TC-SRNet: Reconstruction and prediction of typhoon high-resolution turbulent fields based on meteorological numerical forecast scale wind fields and deep learning method

Abstract

Meteorological numerical forecast models can provide a more accurate typhoon wind fields compared to engineering typhoon models due to their incorporate atmospheric multiphysical processes. However, the latest advancements in supercomputing power indicate that the current finest level of real-time weather forecasting typically operates on grid scales ranging from 1 to 4 km, while the convergence of typhoon intensity and turbulent field characteristics occurs at scales as fine as 62–185 m.

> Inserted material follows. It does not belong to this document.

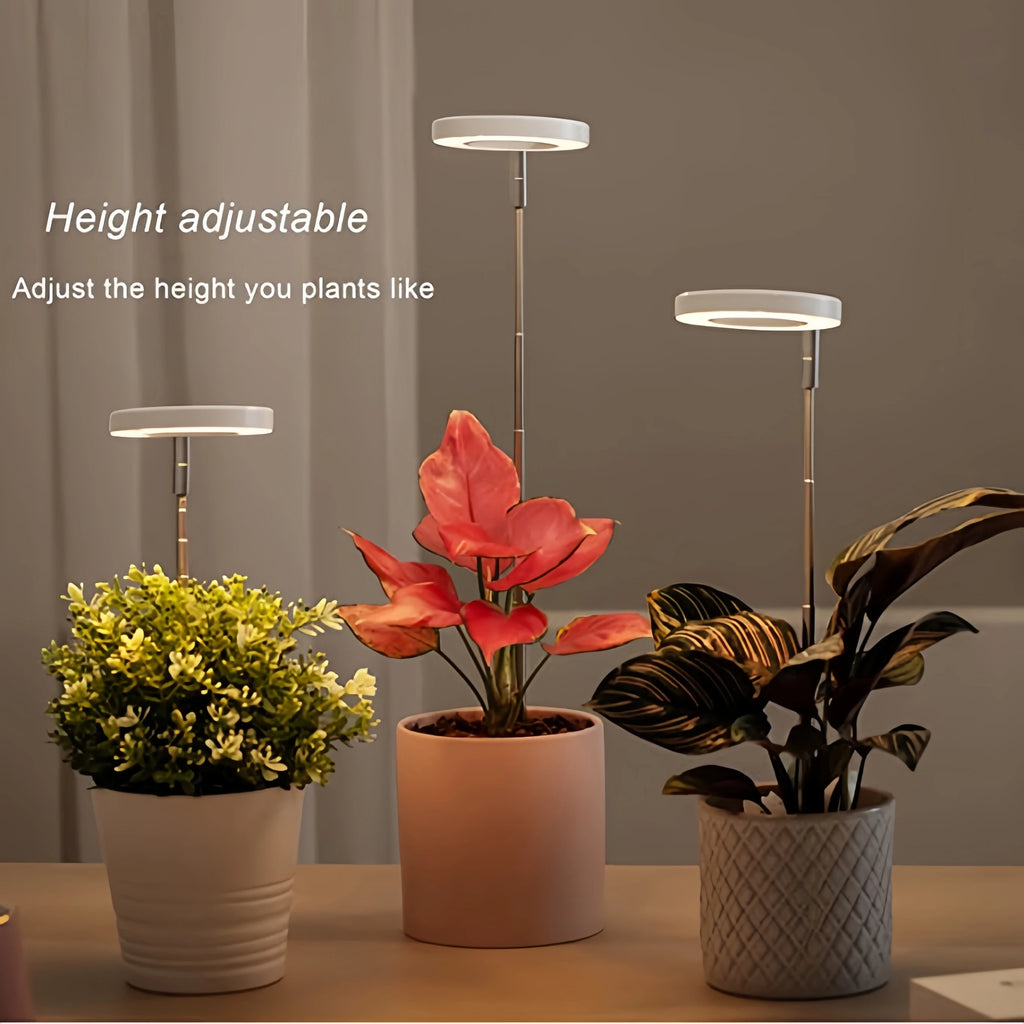 Plant Grow Light,LED Growing Light Full Spectrum for Indoor Plants,Height Adjustable, Automatic Timer, 5V Low Safe Volta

Therefore, the primary scientific inquiry lies in determining how to achieve high-precision turbulent wind fields while considering the realistic atmospheric multiphysical processes, that means establish a “bridge” of typhoon wind field between kilometer-level and hundred-meter scales. This study investigates the super-resolution reconstruction of wind fields across different horizontal grid scales, utilizing a benchmark wind field at a 62 m horizontal grid scale (ground truth), which is based on a hybrid down-sampling skip connection (DSC)/multi-scale (MS) model. The research findings demonstrate that compared to traditional interpolation methods, the DSC/MS method significantly improves reconstruction accuracy, albeit with some residual high-frequency energy dissipation issues. Additionally, the DSC/MS method currently exhibits better reconstruction performance for 62 m scale wind fields based on kilometer-scale and smaller horizontal grid scales (1 km, 555 m, 185 m), with improved reconstruction as grid scale decreases. However, significant errors are observed in reconstructing fine turbulent fields at 62 m scale based on wind fields at 1.67 km horizontal grid scale. The findings presented in the present study can provide real and high-precision turbulent wind fields for structural wind engineering and wind energy assessment studies, thereby holding significant scientific and engineering application value.